Getting Google to crawl 150,000 pages

What's the best way to get Google to crawl deep?

         

jamesa

10:37 am on Feb 23, 2003 (gmt 0)

WebmasterWorld Senior Member 10+ Year Member



I'm redesigning on a site that will contain over 150,000 pages when I'm done. What's the best way to get Google to crawl ALL these pages? With that many pages, no matter how I structure it, it'll need to go deeper than three levels (and/or will have more than 100 links per page).

How can I get Google (or any bot) to crawl that deep? Right now the site is a PR 6 and NONE of the banklinks are from the site's own pages. Due to the former design Google is only aware of a few fluff pages (about us, etc).

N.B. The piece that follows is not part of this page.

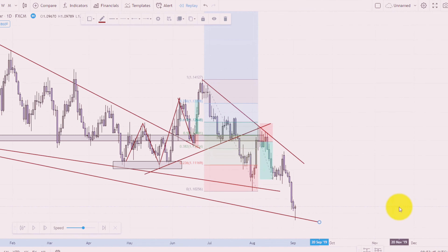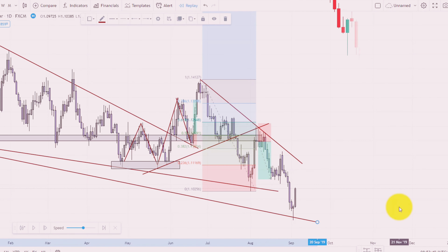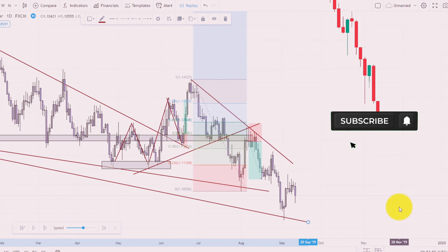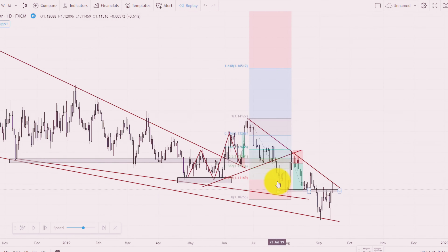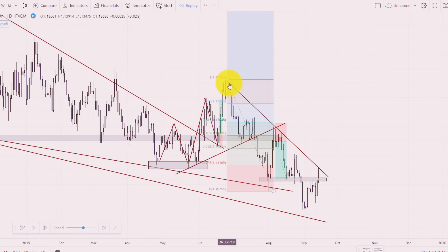I will adjust the trendline a little bit to know market movements perfectly. The market works perfectly on our trendline channel. Here I will draw support and resistance zones as well as Fibonacci levels to know the market condition.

The site is built around a search engine right now, which I am improving. For the user's sake I'd like to also build a hierarchical directory ala Yahoo/DMOZ but I'm faced with technical hurdles (the current database leaves a lot to be desired). If I did do that, though, it'll certainly be more than 3 levels deep. How deep will Google go, and how can I get her there?

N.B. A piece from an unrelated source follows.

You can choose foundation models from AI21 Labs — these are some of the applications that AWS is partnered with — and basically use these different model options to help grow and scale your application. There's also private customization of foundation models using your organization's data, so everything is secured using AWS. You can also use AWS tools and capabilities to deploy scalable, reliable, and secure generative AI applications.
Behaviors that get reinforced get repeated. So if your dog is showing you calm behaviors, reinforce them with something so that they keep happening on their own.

I also thought about having an alphabetical listing just for Google (click "A" to see al the A's, etc) but each letter has anywhere from several hundred to many thousands of items. Plus that wouldn't be very themed.

Is this a good case for cnames? There are about 5 broad categories I could divide it up into. Would that have any impact on any PR that would be generated from internal linking?

Whichever approach I go with will take a lot of work, so I was hoping to get some feedback from you gurus in here first. How would you do it and what are the pros and cons?

gbaker123

10:17 pm on Feb 23, 2003 (gmt 0)

10+ Year Member



I recently modified my site and google has crawled over 140000 pages.

What I did was make sure that all the pages were only two levels from the root and had no querystring variables. I did this with rewrites in apache. If you're running apache, I'll be happy to give you some tips. Otherwise you'll have to look up rewites for you server software.

Here's a sample url on my site:

[sampleurl.com...]

The URL used to be similar to [sampleurl.com...]

I can sticky mail the url of the site to you if you wish.

Thanks,
George

jamesa

10:52 pm on Feb 23, 2003 (gmt 0)

WebmasterWorld Senior Member 10+ Year Member



Thanks, gbaker123. Actually I am planning to use Apache rewrites on the site. And all of the php pages will have a .html extension. :)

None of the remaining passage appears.